We sat down with Beyah to learn about his passions, his path to academia, and why he loves cybersecurity. Below are excerpts from that conversation.

Finding his path

From his beginnings at Andersen Consulting to making the transition to full professorship and co-founding an industrial control cybersecurity company, Beyah's grit and determination was influenced very early on by both his mother and a series of mentors. Although it wasn't a straight path into academia, Beyah liked the flexibility and control over his career and has been repeatedly recognized as an innovative leader across multiple units and colleges within the School of Electrical and Computer Engineering in the Georgia Tech College of Engineering.

Developing his passions

As part of Georgia Tech's broad network of thought leaders who are taking an interdisciplinary approach to tackling cybersecurity challenges, Beyah is internationally recognized for his research contributions in the field. His areas of expertise intersect at network security and monitoring, cyber-physical systems security, network traffic characterization and performance, and critical infrastructure security. His work, which has been highlighted in NetworkWorld and Forbes, has resulted in more than 130 refereed or invited publications and over $5 million in external funding to help craft solutions in physical systems operations while increasing the profile of Georgia Tech.

Sharing wisdom

Beyah, who credits his own success to mentors, is heavily involved in educating the next generation of cyber-physical systems security practitioners. He devotes a significant amount of time to volunteer service, inside of academia, as well as throughout the broader community and is committed to programs with a special focus on increasing the number of qualified, underrepresented students and faculty into the computer science and cybersecurity fields. Having shared the same fears and challenges as his students and fellow peers, Beyah always approaches his mentoring with authenticity and vulnerability. 

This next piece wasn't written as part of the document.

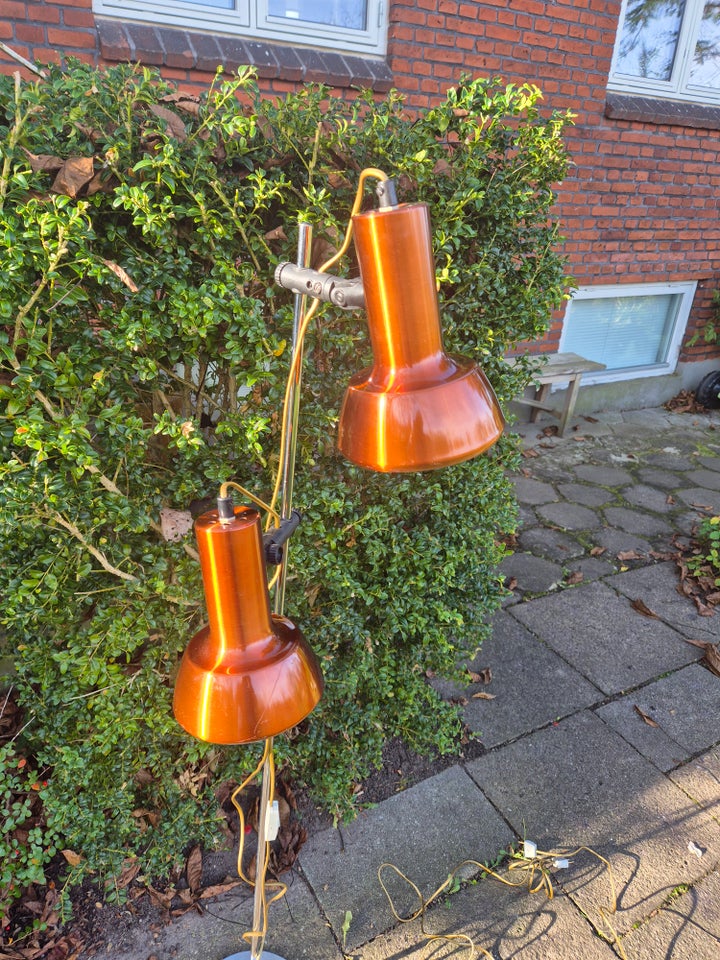 Standerlampe, Retro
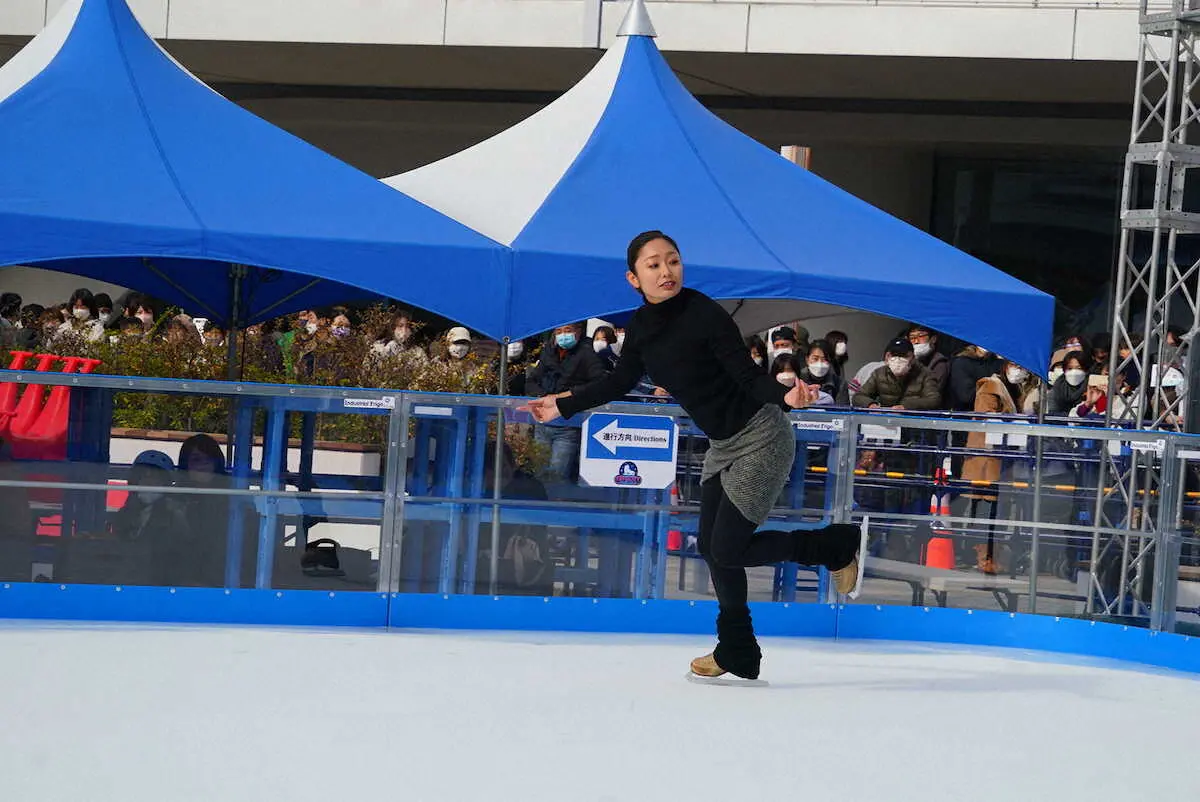 【画像・写真】安藤美姫「野外で滑るのはすごく気持ちよい」　イベントで華麗なスピン披露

Approaching the online environment

As a current instructor the Cyber-Physical Systems Security Course for Georgia Tech's first at-scale degree, the Online Master of Science in Computer Science, Beyah has been able to connect his cybersecurity passions to the online environment. Serving as both the creator and instructor, Beyah has the opportunity to work with an instructional designer, editor, producer, and videographer, allowing him to take a birds-eye-view of his classroom and materials. Through collaboration with a team of teaching assistants, Beyah is able to leverage innovative teaching strategies that have not only made him a better instructor but have also elevated his classroom course.

Looking ahead

After nearly two decades in the cybersecurity field, Beyah is looking forward to his new role as executive director of the Online Master of Science in Cybersecurity, Georgia Tech’s newest at-scale degree. Designed to develop agile and qualified cybersecurity leaders from anywhere in the world, the interdisciplinary degree will have a significant impact on the shortage of cybersecurity professionals over the next few years.